Data block
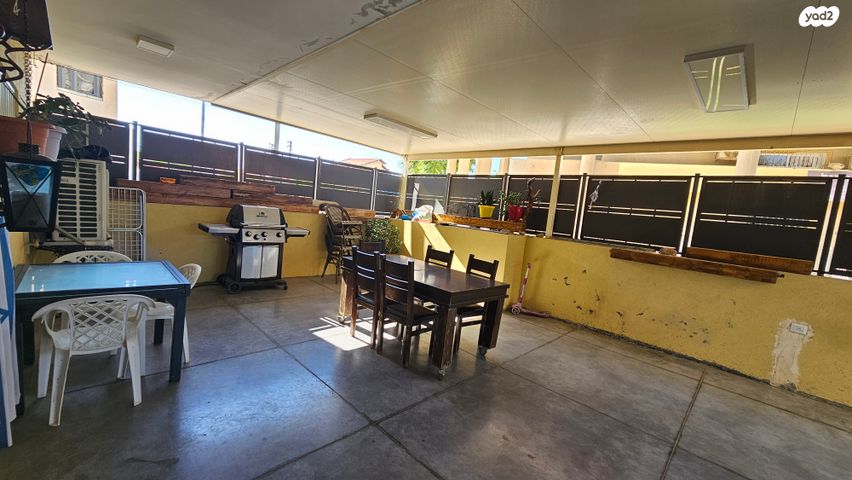 דירת גן, קרית מלאכי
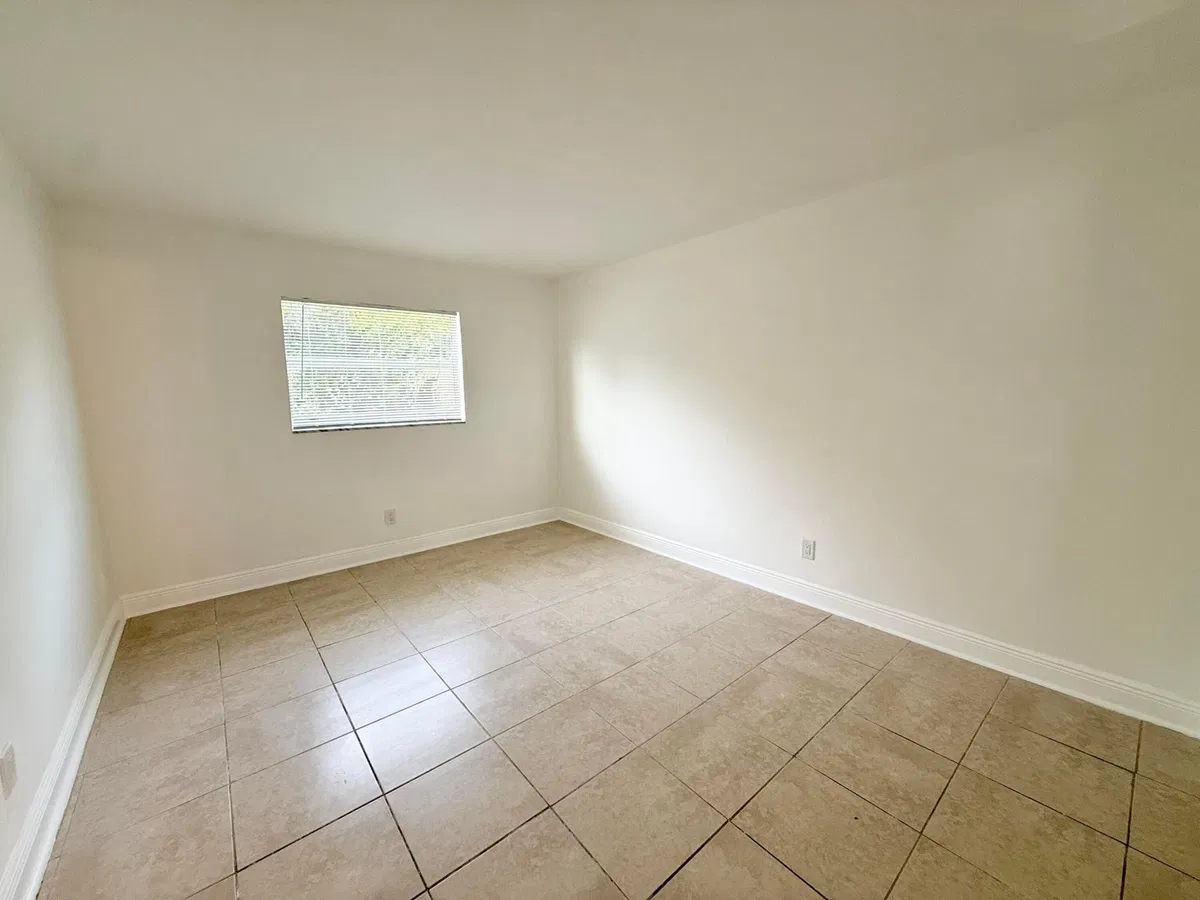 Residence photo 16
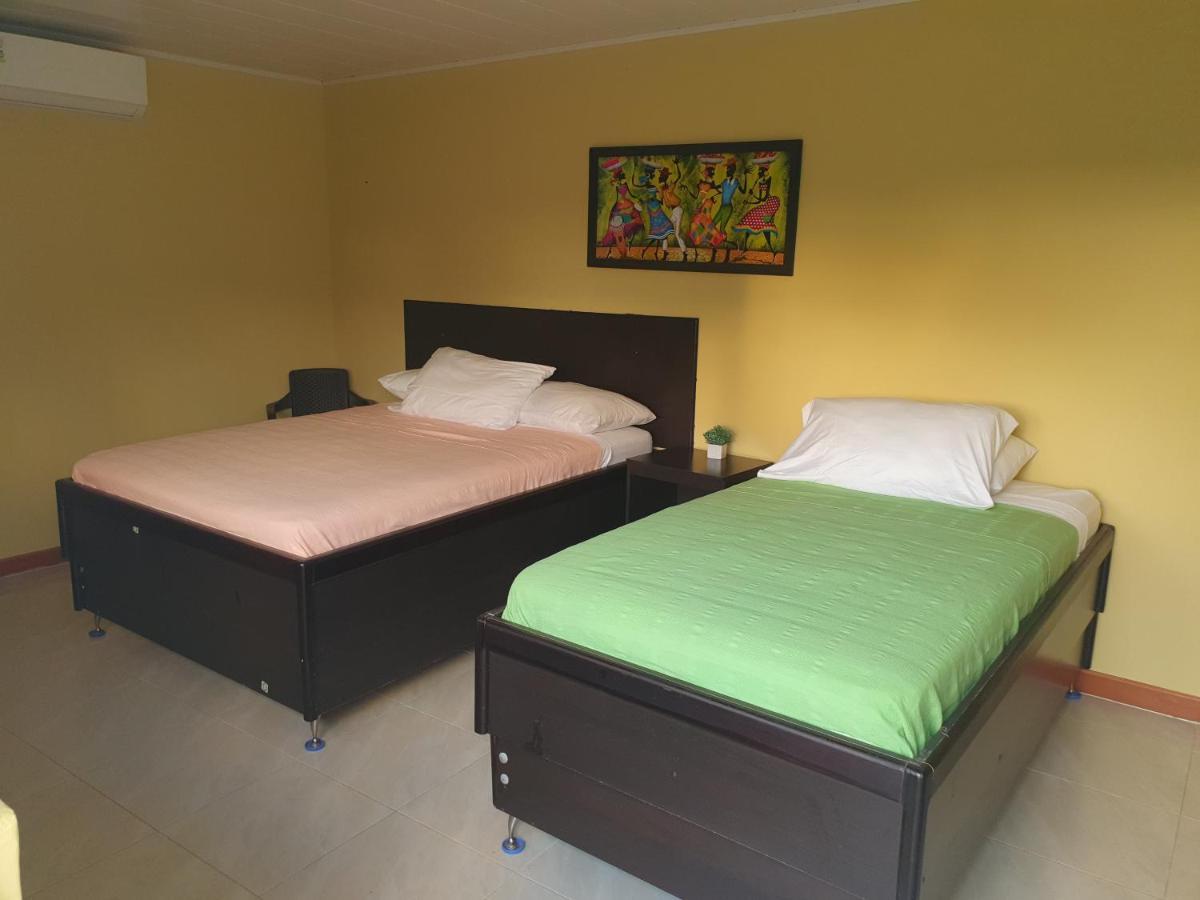 Victoria'S Gennie Bay Village Hostal San Andrés Exteriér fotografie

Brief
All of the data above should be transcribed verbatim, with pictures omitted.

Output for this exercise
 דירת גן, קרית מלאכי
 Residence photo 16
 Victoria'S Gennie Bay Village Hostal San Andrés Exteriér fotografie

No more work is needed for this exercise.